The Indian Farmers and Opium Production:

  • British rule was gradually, established in India after the battle of Plassey (1757). over the period of colonial rule, the rural landscape was radically transformed. The British saw land revenue as a major source of government income.To build the resources of the state,efforts were made to impose a regular system of land revenue , increase revenue rates , and expand the area under cultivation.
  • As cultivation expanded , the area under forests and pastures declined. All this created many problems for peasants and pastoralists. They found their access to forests and grazing lands increasingly restricted by rules and regulations.And they struggled to meet the pressures of government revenue demand.
  • In the colonial period, rural India also came to produce a range of crops for the world market. In the early nineteenth century, indigo and opium were two of the major commercial crops. By the end of the century, peasants were producing sugarcane, cotton, jute, wheat and several other crops for export, to feed the population of urban Europe and to supply the mills Lancashire and Manchaster in England.
  • Opium Cultivation in India: When the Britisher conquered Bengal, they made a determined effort to produce opium in the lands under their control. As the market for opium expanded in China, larger volumes of opium flowed out of Bengal ports. Before 1767, no more than 500 chests (of two mounds each). There being exported from India. Supplies had to be increased to feed this booming export trade. By 1870, the government was exporting about 50000 chests annually from Bengal to China.

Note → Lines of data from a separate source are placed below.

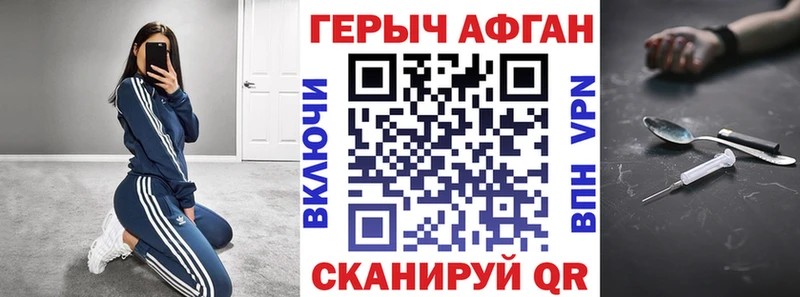 ГЕРОИН Афган  Купить где  Ижевск 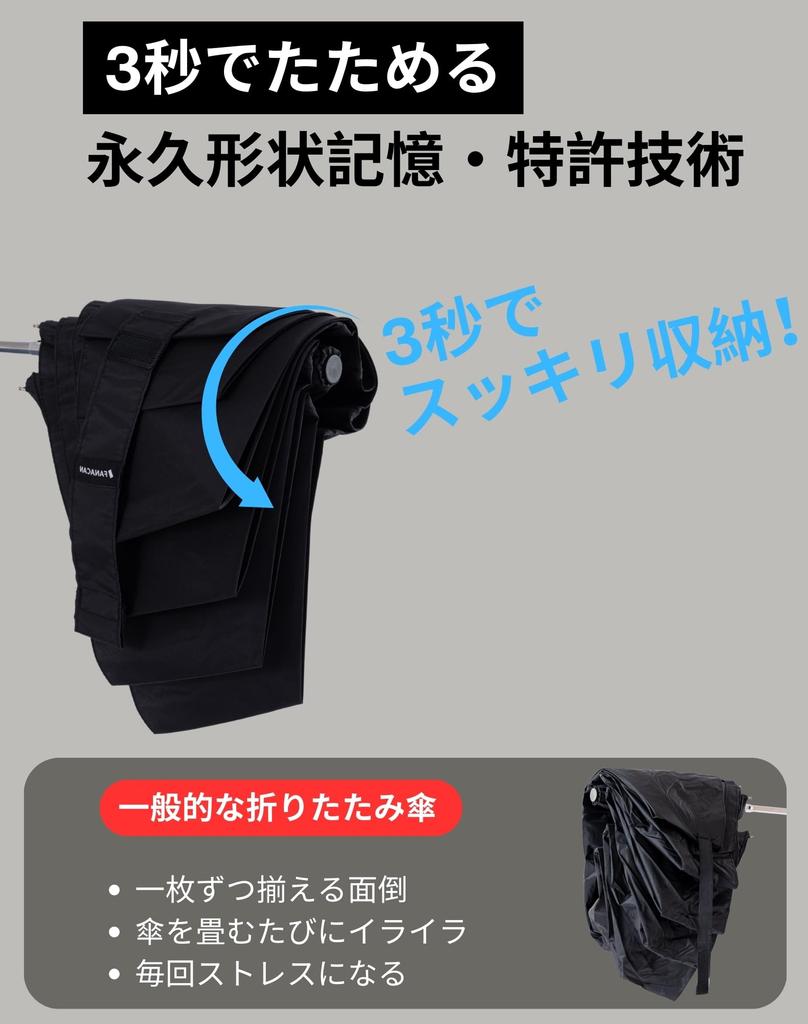 FANACAN Lightest Folding Folds in 3 Shape Memory Folding 6 Lightweight and 60cm Super 365 Days a Mini Perfect for the Rainy Gift for Men and Women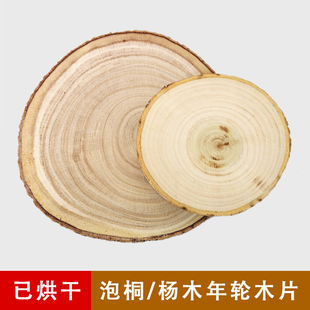 儿童diy彩绘画树皮年轮木片 实木圆木块木桩杨木泡桐木手绘实木板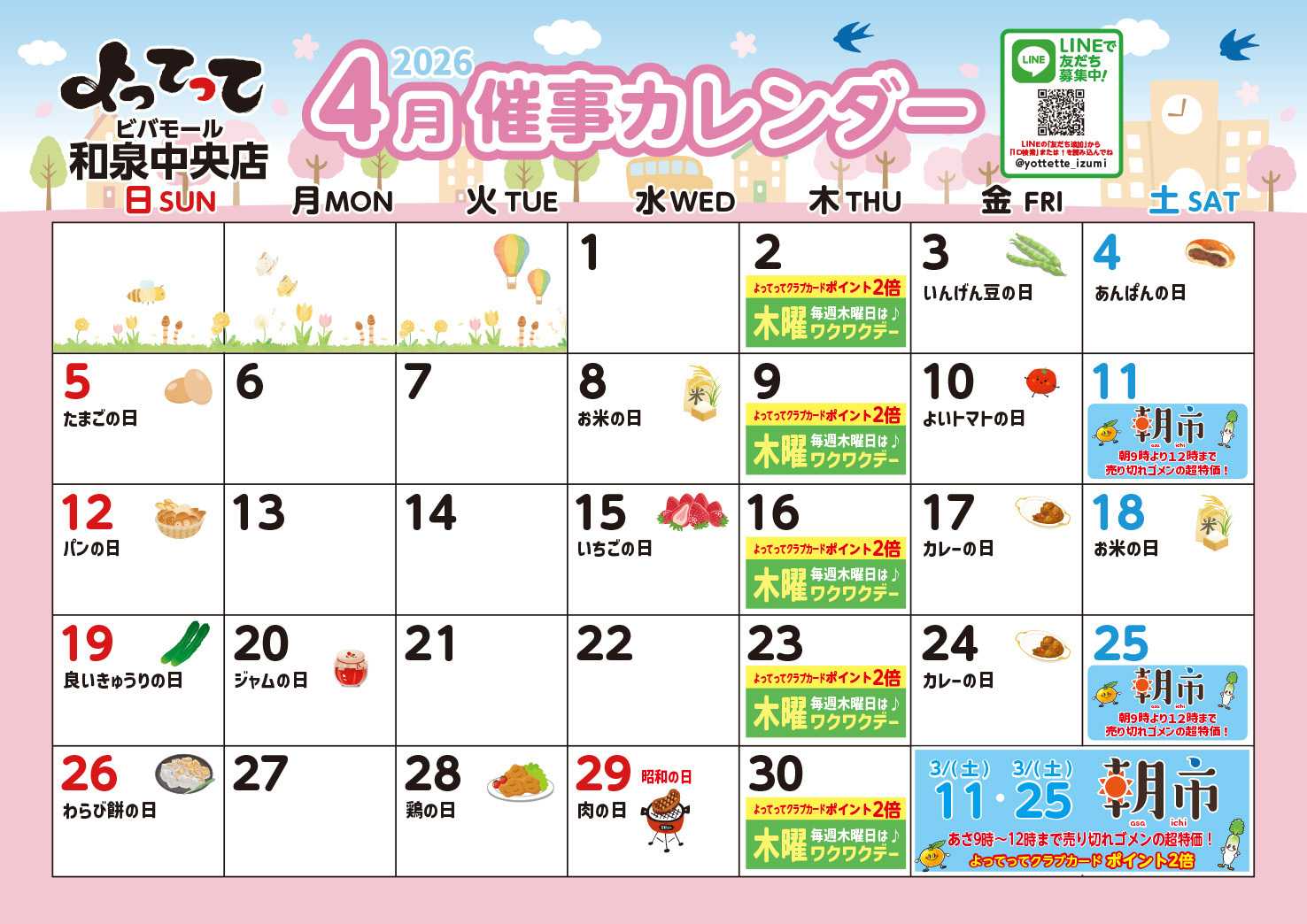 産直市場よってって 4月イベントカレンダー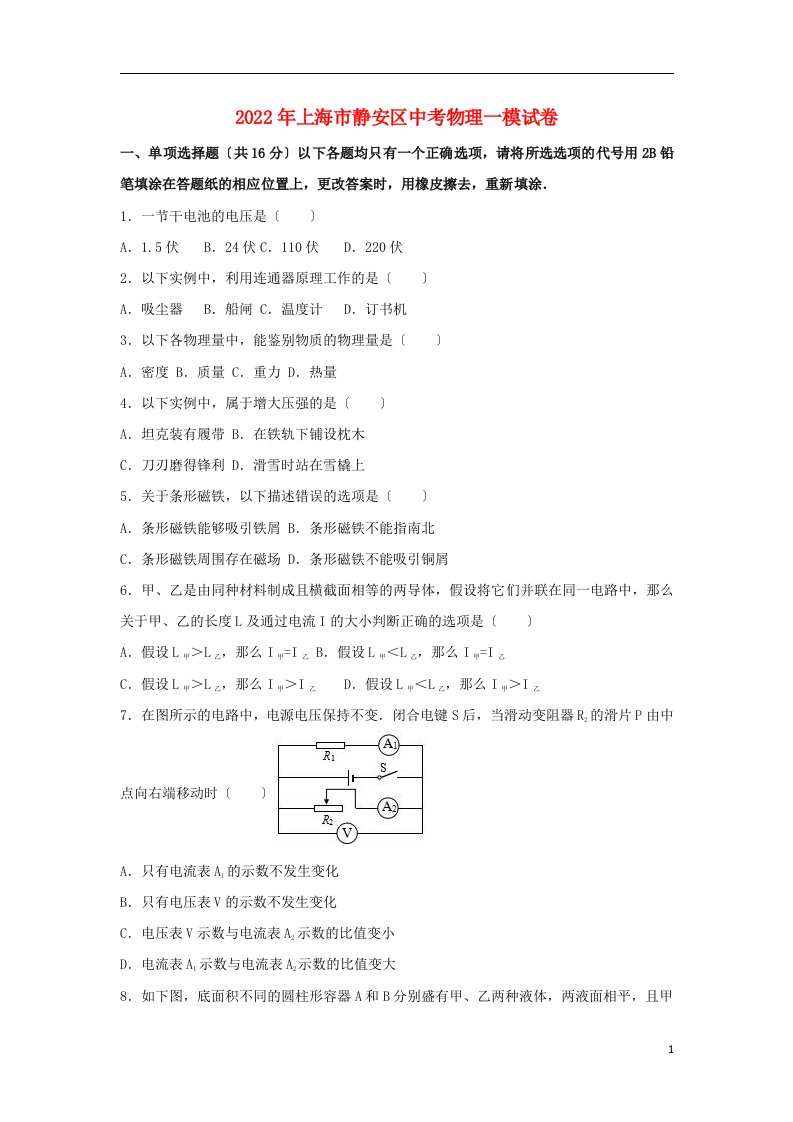 上海市静安区2022年中考物理一模试卷（含解析）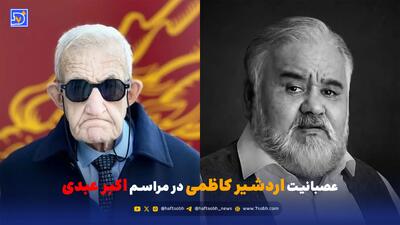  تذکر اردشیر کاظمی به حاضران در مراسم اکبر عبدی | ببینید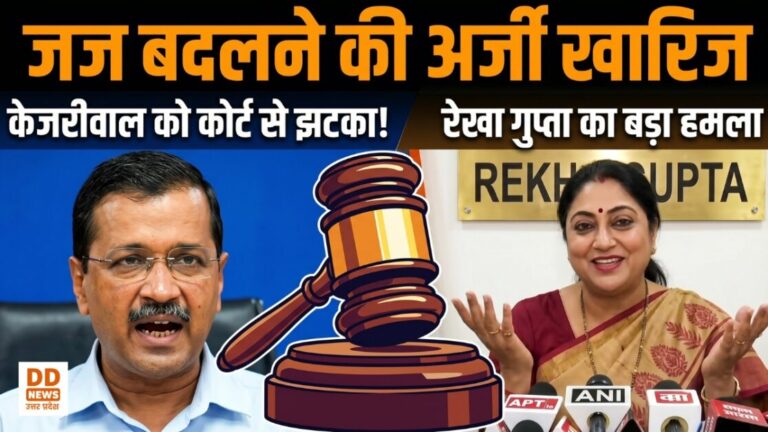 delhi high court decision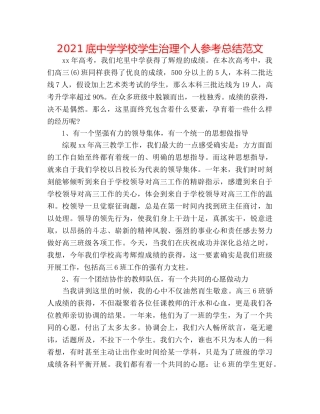 2024底学校学生管理个人参考总结范文 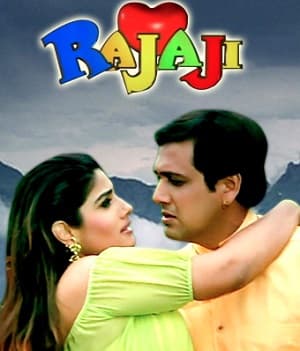 Rajaji (1999) movie poster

    There are some reason why Indian farmers were reluctant to grow opium:

  • The crop had to be grown on the best on the best land,on the field that lay near the villages and were well manured. on this farmers usually produced pulses. If they planted opium on this land, then pulses could not be grown on inferior land where harvests were poorer and uncertain.
  • Many cultivators owned no land. To cultivate opium they had to pay rent and lease land from landlords and the rent charged on the good lands near the villages was very high.
  • The cultivation of opium was a difficult process. The plant was delicate and cultivators had to spend long hours, in nurturing it. This meant that they did not have enough time to care for others crops.
  • The price which the government paid to the cultivators for the opium they produced was very low.It was unprofitable for the cultivators  to grow opium at that price.